Amazon is making significant strides in the streaming industry by actively promoting competing services through its Prime Video platform. This strategic move is designed to establish Prime Video as the premier, comprehensive hub for digital entertainment, positioning it ahead of established players like Netflix and YouTube. The company's vision is to offer consumers a singular, convenient destination for all their television viewing needs, simplifying access to a vast array of content.
Through its 'channels' initiative, Amazon enables easy subscriptions to a wide range of streaming services, from HBO Max to Hallmark+. This program has proven highly successful, capturing 25% of all new US streaming service sign-ups in the first quarter, a notable increase from 22% two years prior. This growth underscores the effectiveness of Amazon's marketplace model in attracting new subscribers, with a significant portion of sign-ups occurring directly through Prime Video, while others originate from app stores and platforms like Roku and YouTube.

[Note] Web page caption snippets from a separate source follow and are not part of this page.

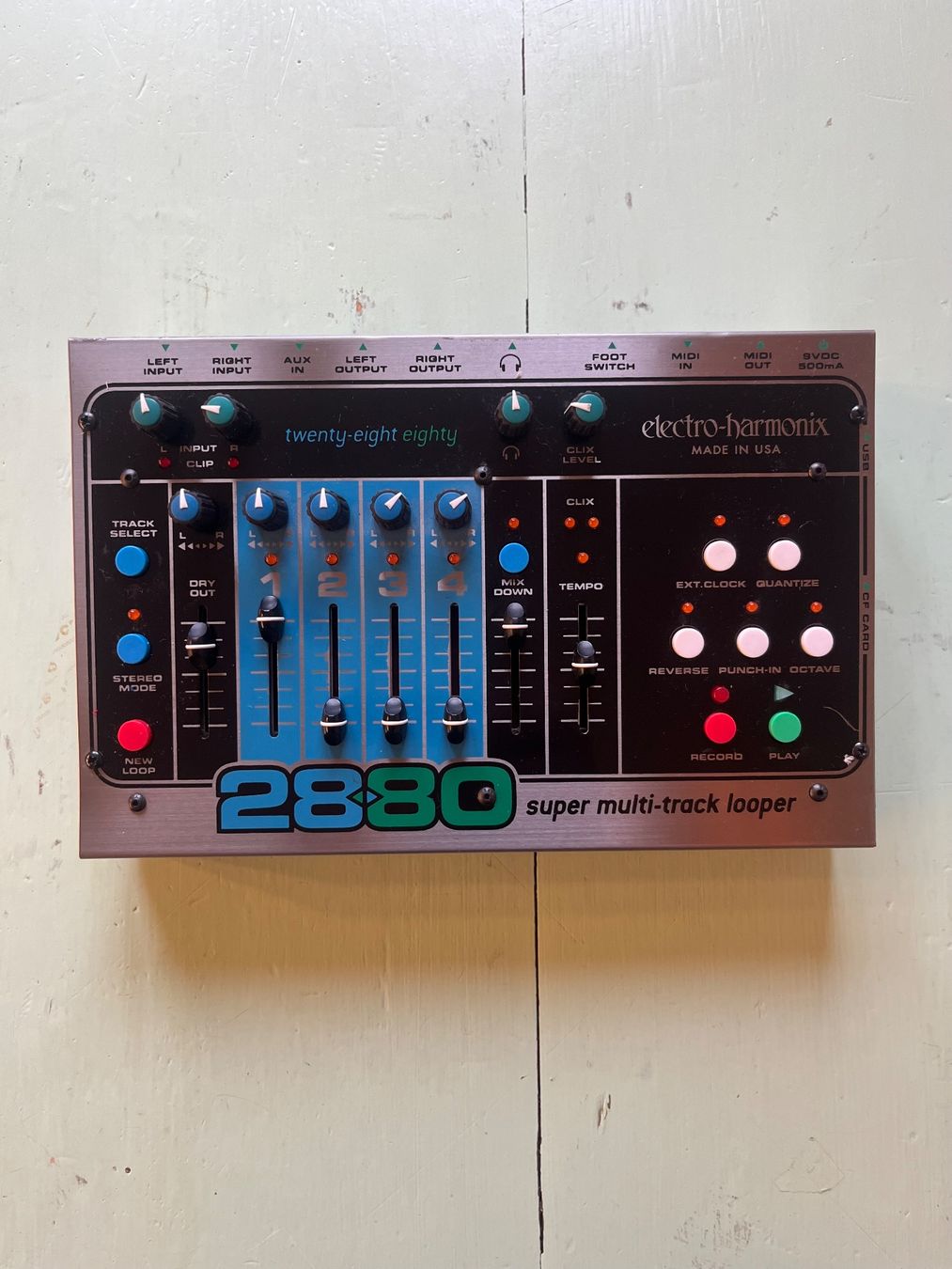 Electro-Harmonix Musikinstrumente: Electro-Harmonix 2880 Multi-Track Looper inkl. Footcontroler – Gebraucht aus Zürich von Machkrach 1
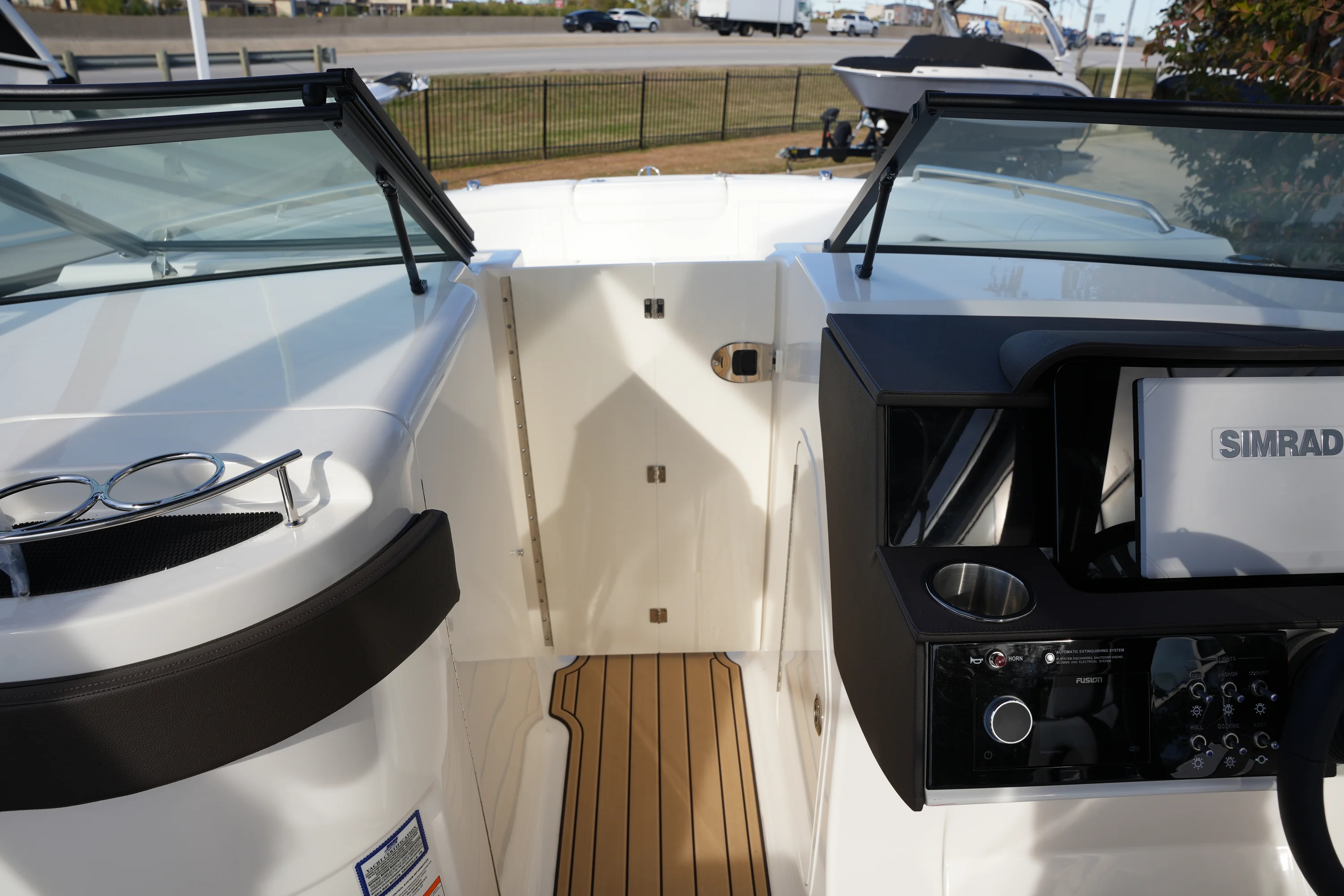 2026 Sea Ray SDX 290 Image Thumbnail #34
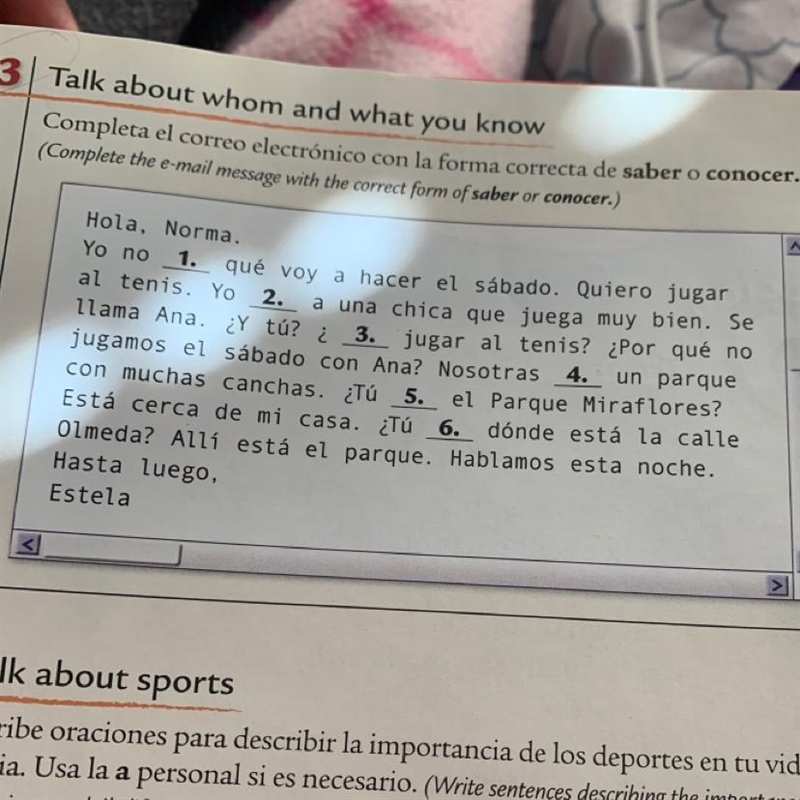 3. Talk about whom and what you know Completa el correo electrónico con la forma correcta-example-1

Albert Cheng, the head of Prime Video, emphasizes the collaborative nature of this marketplace. He states that the platform is built on strong partnerships with content distributors, showcasing Amazon's dedication to fueling the growth of its partners' businesses. This collaborative approach highlights Amazon's commitment to creating a mutually beneficial environment where both the platform and its content providers thrive.
Amazon's channels program has achieved major successes, notably with the return of HBO Max in late 2022 and the integration of Apple TV+ in October. These additions significantly bolster Prime Video's content offerings and attract more subscribers. However, Amazon continues to pursue partnerships with other major streamers such as Comcast's Peacock and Disney's suite of services, aiming to further expand its content library and appeal to an even broader audience.
While Prime Video currently accounts for a smaller percentage of total TV watch time compared to giants like YouTube and Netflix, Amazon views the channels program as a crucial tool for increasing platform engagement. By offering a diverse range of content, Amazon aims to draw more viewers to its ecosystem. Furthermore, the company collects an undisclosed percentage of revenue from subscriptions sold through the program, which is instrumental in its goal of making Prime Video profitable by 2025. This dual focus on engagement and profitability is central to Amazon's long-term streaming ambitions.
Amazon's model presents a compelling alternative in the competitive streaming market. Unlike services focused solely on proprietary content, Amazon's aggregated approach offers convenience to consumers and a new distribution channel for content providers. While Netflix is also expanding its reach through deals like the one with France's TF1, and YouTube attempts to build its own channels business, industry experts suggest Amazon holds a significant advantage in this aggregation model.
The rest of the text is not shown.